Zoom Lens Advantages:
- Versatility – The primary reason for choosing a Zoom lens is versatility. It allows the Photographer to handle a variety of situations. He can shift from a Wide Angle to a Tele Photo just with the turn of the Zoom ring.
- Image Stabilization – Modern Zoom Lenses offers 3-4 stop image stabilization. Whether it Canon’s Image Stabilization (IS), Nikon’s Vibration Reduction (VR), Sigma’s Optical Stabilization (OS) or Tamron’s Vibration Compensation (VC) all allow you to shoot sharper Photographs at slower shutter speeds.
- Portability – Although they are comparatively bigger and bulkier than Prime Lenses, still a single Zoom Lens can replace two or more Prime Lenses, indirectly helps in reducing weight.
Other types of Lenses and their uses?
Camera Lenses come in either fixed (prime) focal lengths, or zooms, which cover a range of focal lengths, which we have already discussed above. The different Focal Lengths are grouped into categories for different types of lenses.
1. Wide Angle Lenses: Traditionally, a super wide-angle lens is classified as anything under 20mm. Wide-angle is 21-35mm. Wide-angle lenses are most commonly used for photographing landscapes and architecture, although they are often also used for photographing large groups of people.
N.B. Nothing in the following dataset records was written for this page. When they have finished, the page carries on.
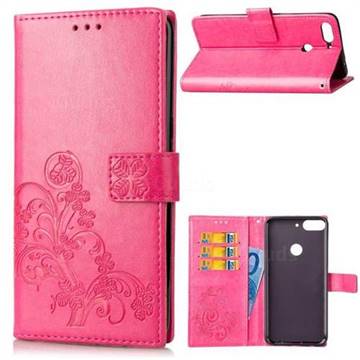 Embossing Imprint Four-Leaf Clover Leather Wallet Case for HTC Desire 12+ Plus (6.0 inch) - Rose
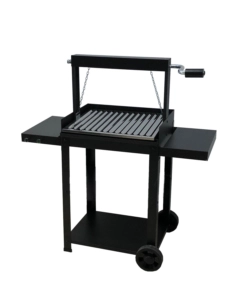 BARBECUE A LEGNA E CARBONE  "MONTEVIDEO" CON GRIGLIA REGOLABILE DA MANIGLIA E CATENA, 57,5X40X113 CM
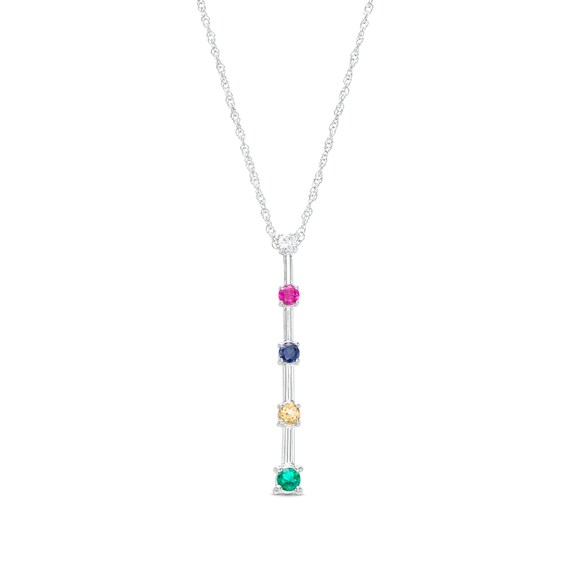 Mother's Simulated Gemstone Graduated Stick Drop Pendant in Sterling Silver (5 Stones)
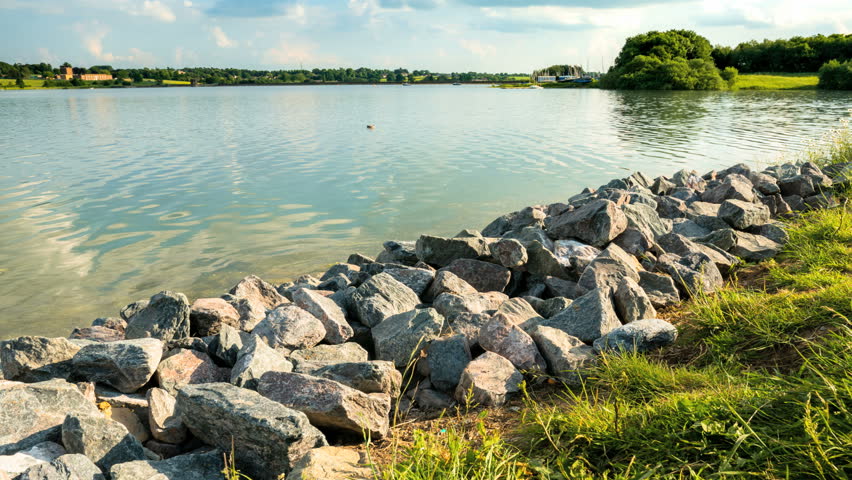 Cinemagraph. Summer nature mountain forest lake landscape, time-lapse. 4k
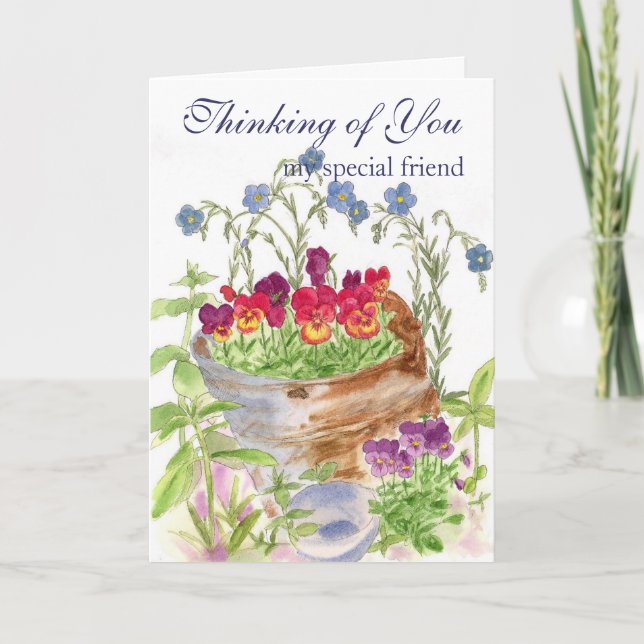 Thinking of You Friend Flower Bouquet Card (Front)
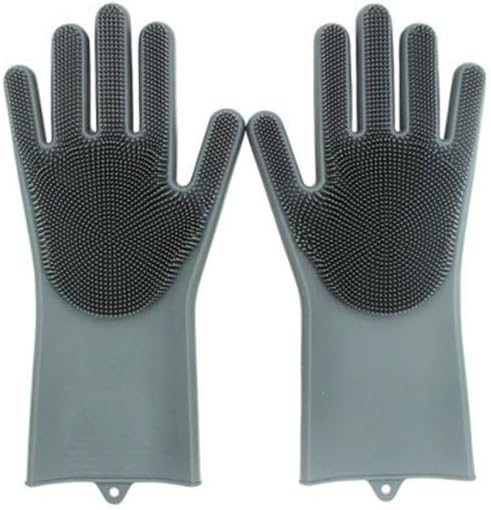 Pet Grooming Gloves Silicone Gloves with High-Density Teeth Enhanced Five Finger Design for Dogs Cats Bathing Massaging (Grey)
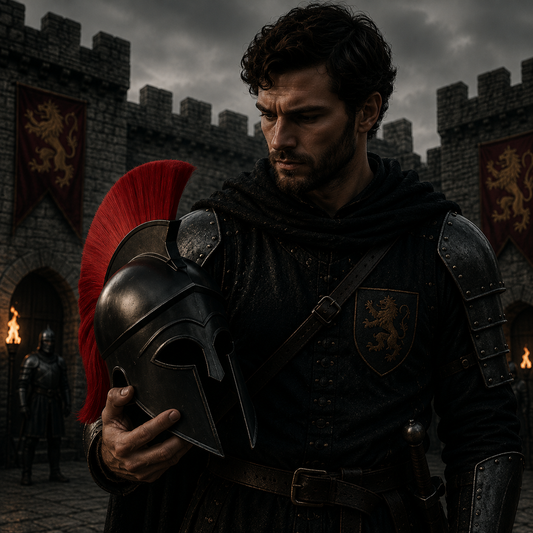 Black Corinthian Helmet : Corinthian Helmet Red Hair  With Wooden Stand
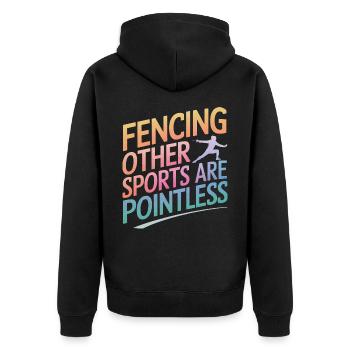 Fencing Fencers - Unisex Premium Organic Zip Hoodie - black - Back - Nico (187cm)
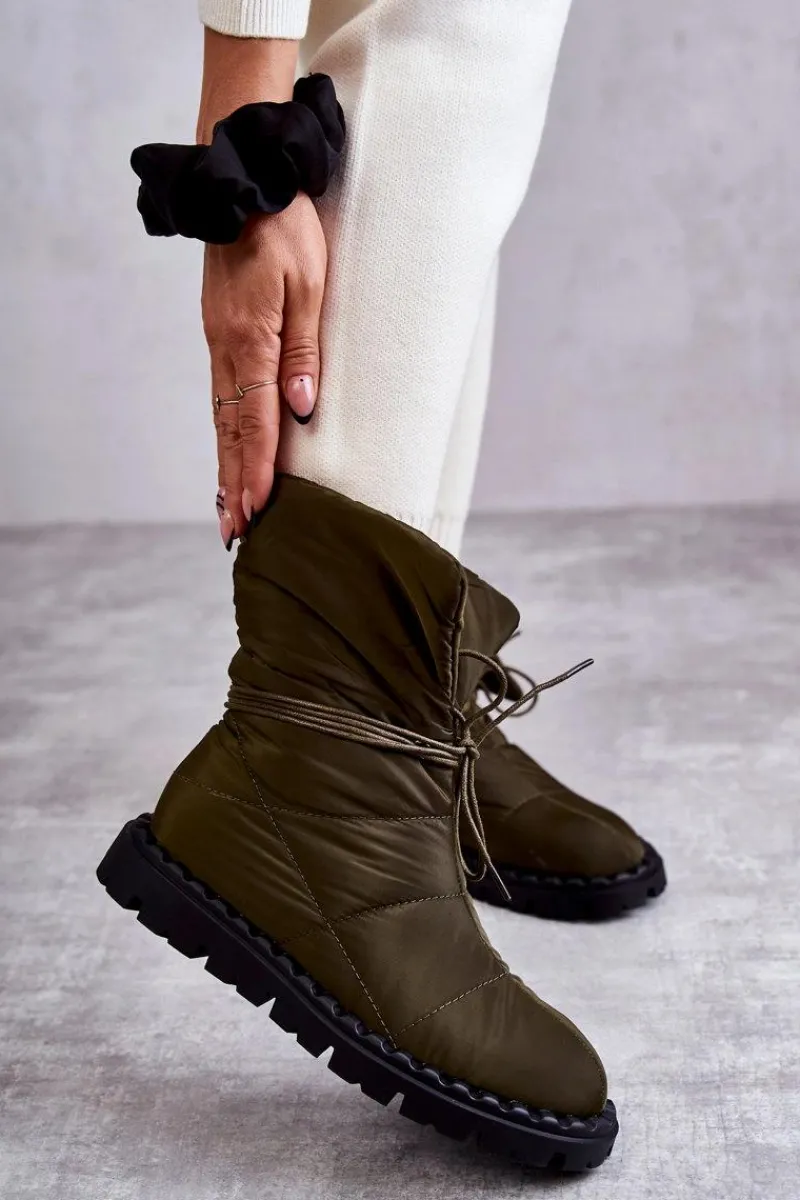 Best Boto Damskie Ocieplane Botki Materiałowe Zielone Emelie Zielony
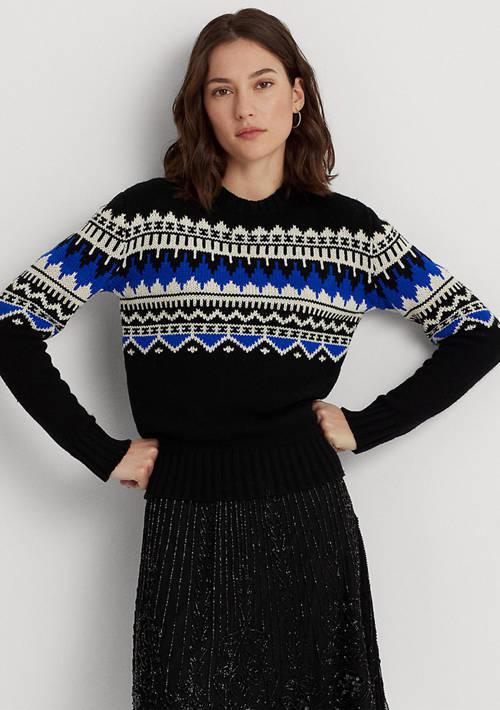 Ralph Lauren Fair Isle Wool Blend Crew Neck Sweater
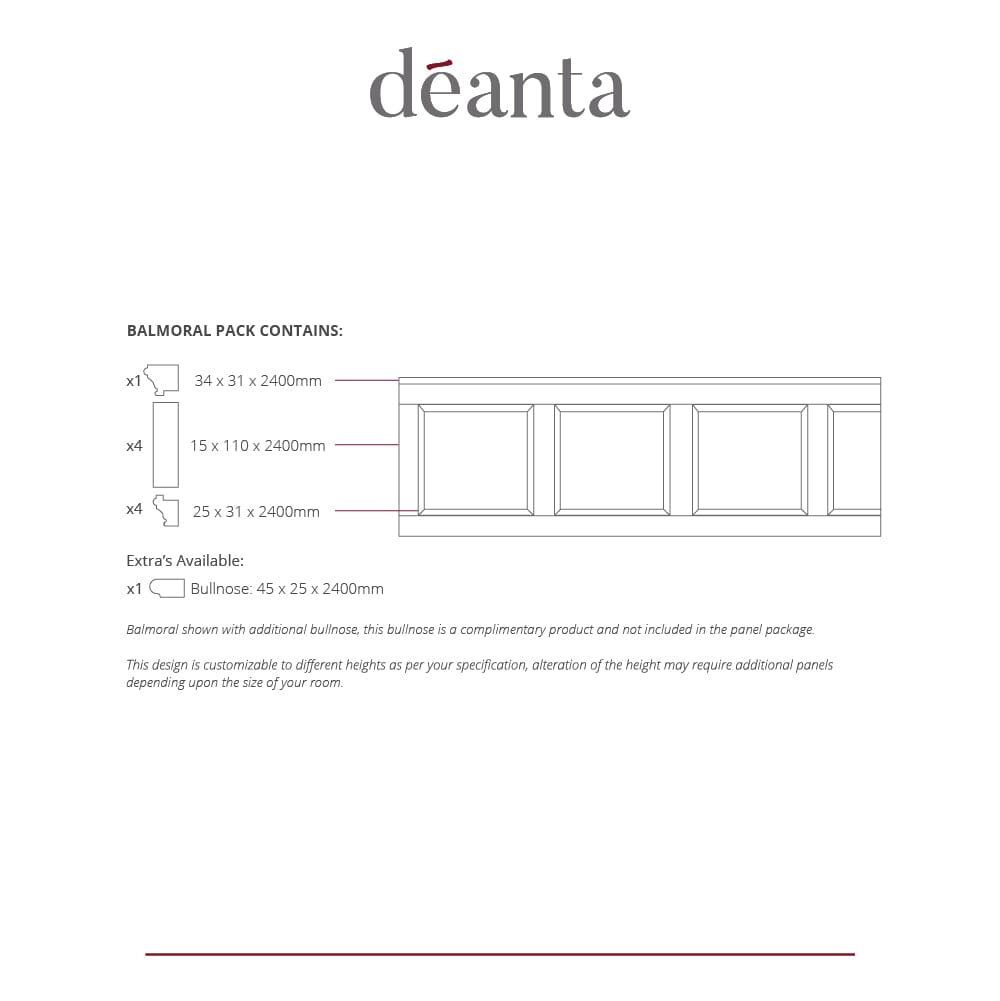 Balmoral White Primed Wall Panelling Wall Panelling Deanta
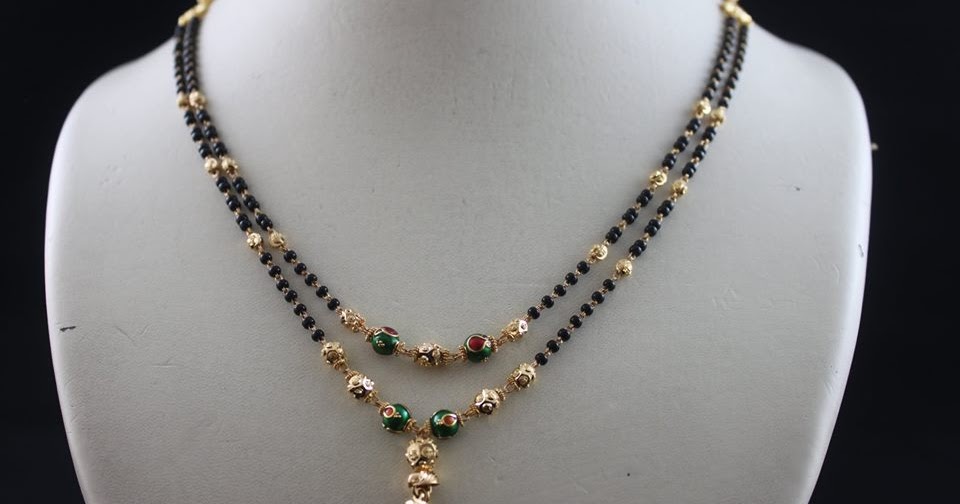 Indian jewellery Two Layer Black Beads Chain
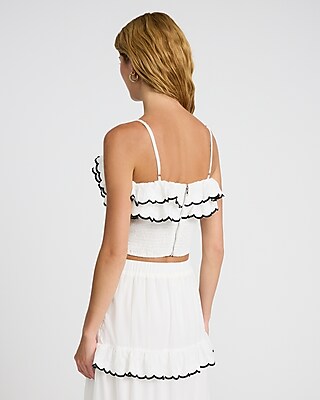 Tipped Ruffle Square Neck Cropped Cami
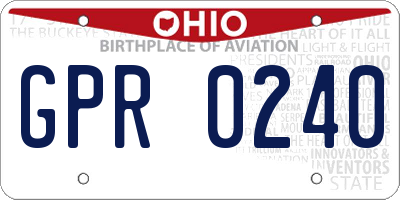 OH license plate GPR0240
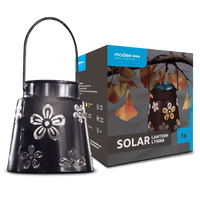 Modee LED Solcellslampa LT008, 2800-3200K Varmvit, IP44 Utomhus Metall Rund Svart, Uppladdningsbart Batteri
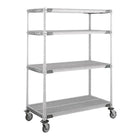 Chariots sur roulettes à tige Metromax I, 4 tablettes, 36 x 69 x 18 (po) Rg484 (X336EGX3)-Nombre de tablettes : 4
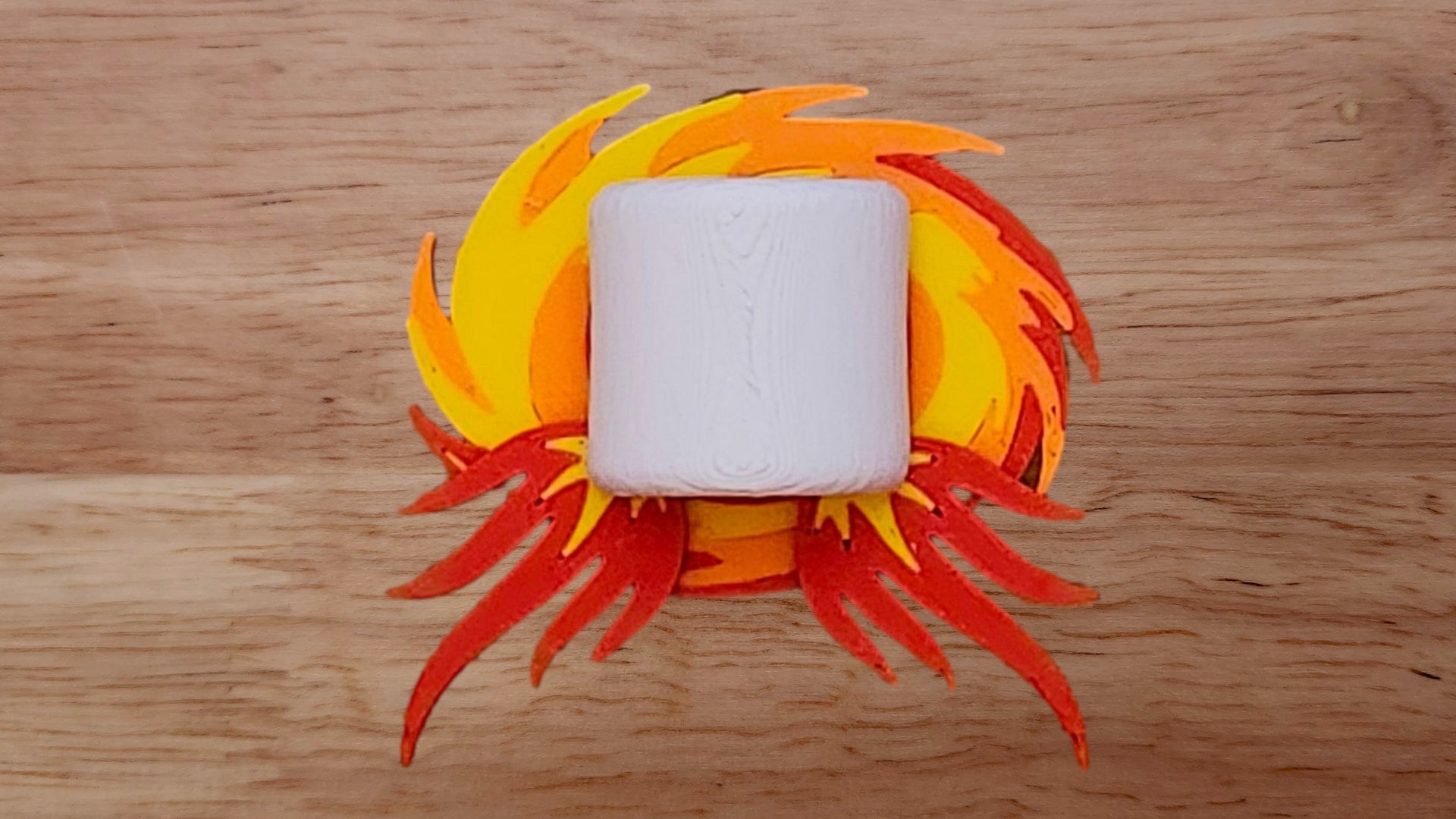 Marshmallow/Cylinder Base with Fire/Hurricane Oval Brim and Bonfire Bottom Brim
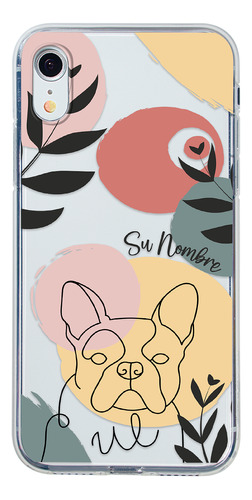 Funda Para iPhone Mujer Bulldog Francés Minimal Su Nombre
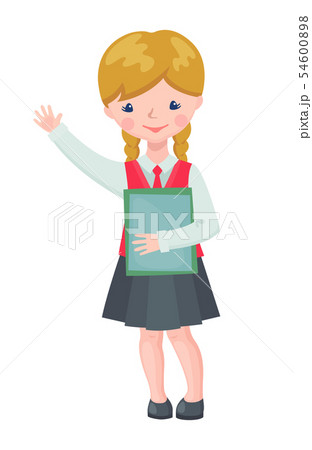 Vector cute School girl character with books. Vector cute School girl character with books. 54600898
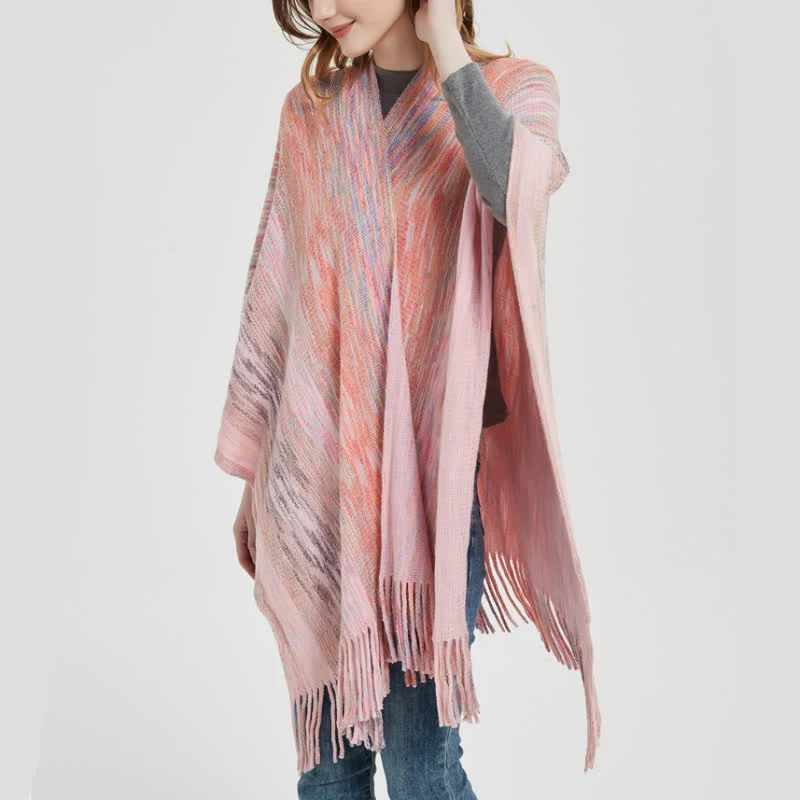 Olivenorma Poncho mit Rüschenbesatz, Quasten, Cardigan-Schal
2. Prime Lenses: A standard lens has a focal length range of 35-70 mm. The most common standard lens is a fixed 50 mm lens. Standard lenses are most commonly used for documentary and street photography. The Canon 50mm f/1.8 lens is an example of a standard, fixed lens.
3. Medium Telephoto / Portrait Lens: The focal range between 80-135 mm is nearly always used by portrait photographers. These are specialist lenses, but can be surprisingly reasonably priced. The Canon EF 100mm f/2.8 Macro USM lens is an example of a one of these types of lenses.
4. Telephoto: Any lens with a focal length of between 135mm and 300mm is a True telephoto lens. Telephoto lenses are traditionally used for sports and wildlife photography, but their essential function is to bring distant objects closer.
5. Specialist Lenses: There are a variety of specialist lenses available. Some of the more common are:
a. Super Telephoto: These have a focal length of more than 300mm, and are used by dedicated sports and wildlife photographers.
b. Macro: These lenses are able to focus closer to an object than normal lenses, offering a 1:1 ratio. They are used for still-life photography of small objects.
c. Fisheye: These are on the edge of wide-angle lenses, and give a distorted view of the subject matter. The center of the image is magnified, and objects diminish in size in all directions around it.